These are of course the international airlines. We have some pretty good ones running the domestic routes here in India. Jet Airways is the best of them all, efficient and smooth, feeding you full lunches or dinners even on a two and half hours flight. You will never get that on any American flight, no matter how long it takes! But even the budget airline IndiGo has people who score way ahead of Lufthansa or United in terms of service with a smile! I have heard good things about the Jet Airways international routes, but haven’t had a chance to try them.

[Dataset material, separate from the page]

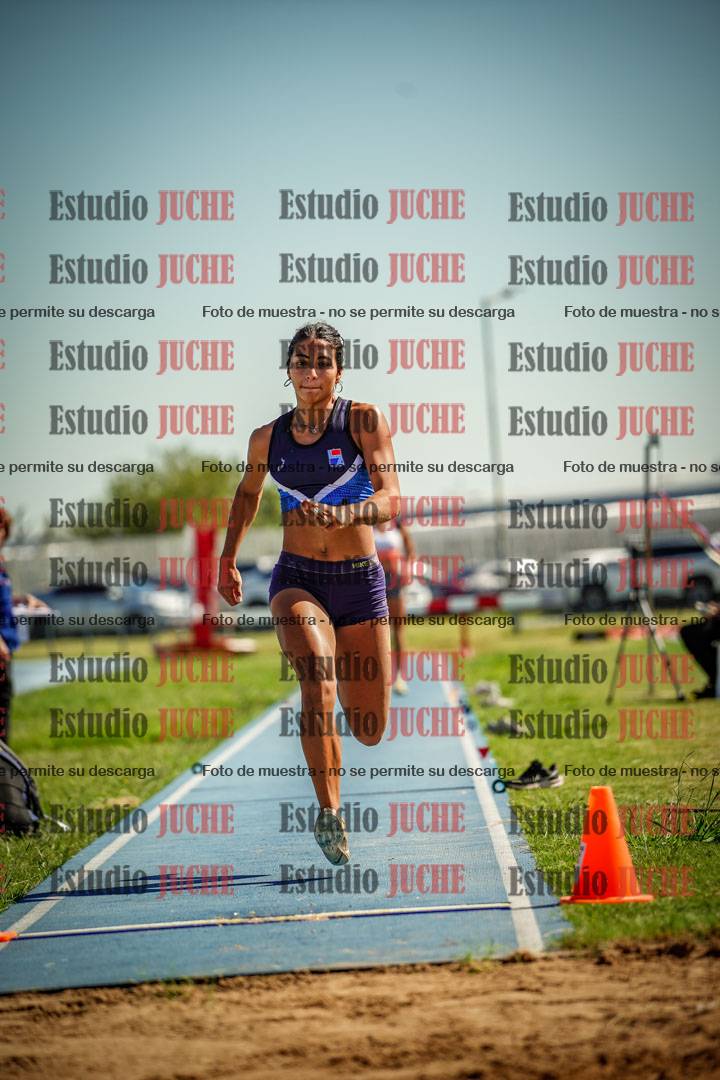 Fotos del salto en largo de mujeres - mayores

Anyway, there I was sitting comfortably in an Emirates A300-380 from Munich to Dubai in the Economy section, which by the way is often called cattle class (because passengers are packed like cattle, get it?). But on this particular Airbus model, the Economy seats are really roomy and comfortable. Their in-flight entertainment is superb with movies and music from all over the world. Their food is good too, better than others. Once I booked my tickets online, I had the option to pick my meal from a range of options ranging from seafood to vegan, apart from the regular carnivore or vegetarian options.
Over my seafood meal which I picked as a sort of humble curtain-raiser to the meals that were waiting for me at my parents’, I picked a movie to watch from the scores on offer, Hollywood to Bollywood. The movie is called “Idol” and at first glance it did not seem appealing, all about someone who wanted to participate in Arab Idol against all odds, and I have never been so enamoured by the glitz of American Idol and its ilk. But then the word Palestine caught my eye and I realized that I hadn’t really seen a single movie from that part of the world. So I decided to give it a chance.
I am so glad I did. The story gripped me from the beginning to end. It begins in the bombed out neighbourhoods of Gaza with a gutsy little girl and her brother trying out creative ways to make money to buy musical instruments for their band. The girl is ambitious and eggs on her brother to dream big. A lot happens to them because Gaza is not a place where dreams go to be fulfilled. The walls might look broken but they are insurmountable. But years later, a jewel rises out of the ashes and debris. His name is Muhammad Assaf and the film is based on his true story. You should see the film if you can get a hold of it to see how the human spirit can thrive in the midst of barbed wires and ruins.
Why do we put people behind fences in order to give others freedom from theirs? Injustice is a vicious cycle. That is the truth.
And yet, the arts give us hope. That we are not just animals struggling to survive, procreate and avoiding death, jumping at each other’s throat to achieve our own short-sighted goals.
We humans are also capable of creating beautiful things – art, music, poetry, literature and film.
The cinematography of this film was beautiful, stark and harsh, designed to remain stuck in our consciousness long after the screen has been turned off.
The music was haunting and moving, the lyrics touching deep inside, even though I did not understand anything. I have only one complaint, why weren’t they translated to English like the dialogues were? I would have loved to know the meaning of those beautiful songs.
The first thing that greeted me when I came to my parents’ home is that plate of local fruits. Star fruit you all know probably, the big green ones which in this case are brighter and yellower than the ones I see in the supermarkets of the west. But I know the others only by their local names. They are probably not even cultivated on a large scale commercially and might disappear from markets of the future completely. I peeled the brown ones and here is what it looks like inside:
It looks and tastes like litchi but has a different aroma, more floral and fruity, if that makes sense. Quite delicious really!